- Venue: Nagoya City Higashi Sports Center
- Dates: 18–20 September 2026
- Competitors: 8 from 4 nations

Medalists
| gold medal | Jutatip Kuntatong Suphawadi Wongkhamchan | Thailand |
| silver medal | Hsu Mon Aung Phyu Phyu Than | Myanmar |
| bronze medal | Maria Chedid Kamar Dandal | Lebanon |
| bronze medal | Sophornraksmey Yorn Sreymeas Mey | Cambodia |

= Teqball at the 2026 Asian Games – Women's doubles =

Women's doubles teqball event at the 2026 Asian Games

The women's doubles teqball competition at the 2026 Asian Games was held from 18 to 20 September 2026 at the Nagoya City Higashi Sports Center in Nagoya, Japan. It was part of teqball's debut as a medal sport at the Asian Games.
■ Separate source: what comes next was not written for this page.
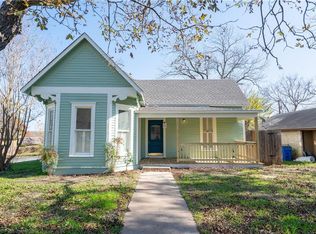 1120 Vance St, Taylor, TX 76574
Thailand's Jutatip Kuntatong and Suphawadi Wongkhamchan won the gold medal, defeating Myanmar's Hsu Mon Aung and Phyu Phyu Than in straight sets, 12–6 and 12–3, in the final. Maria Chedid and Kamar Dandal of Lebanon and Sophornraksmey Yorn and Sreymeas Mey of Cambodia won the bronze medals as the losing semifinalists.

==Schedule==
All times are Japan Standard Time (UTC+09:00).

| Date | Time | Event |
|---|---|---|
| Friday, 18 September 2026 | 11:30 | Group stage |
| Saturday, 19 September 2026 | 10:30 | Semifinals |
| Sunday, 20 September 2026 | 17:10 | Gold medal match |

==Competition format==
Four pairs representing four nations competed in a single round-robin group. All four pairs advanced to the semifinals. The first-ranked pair faced the fourth-ranked pair, while the second-ranked pair faced the third-ranked pair.

==Group stage==
Thailand finished first in the group after winning all three matches without losing a set. Myanmar finished second, followed by Lebanon and Cambodia.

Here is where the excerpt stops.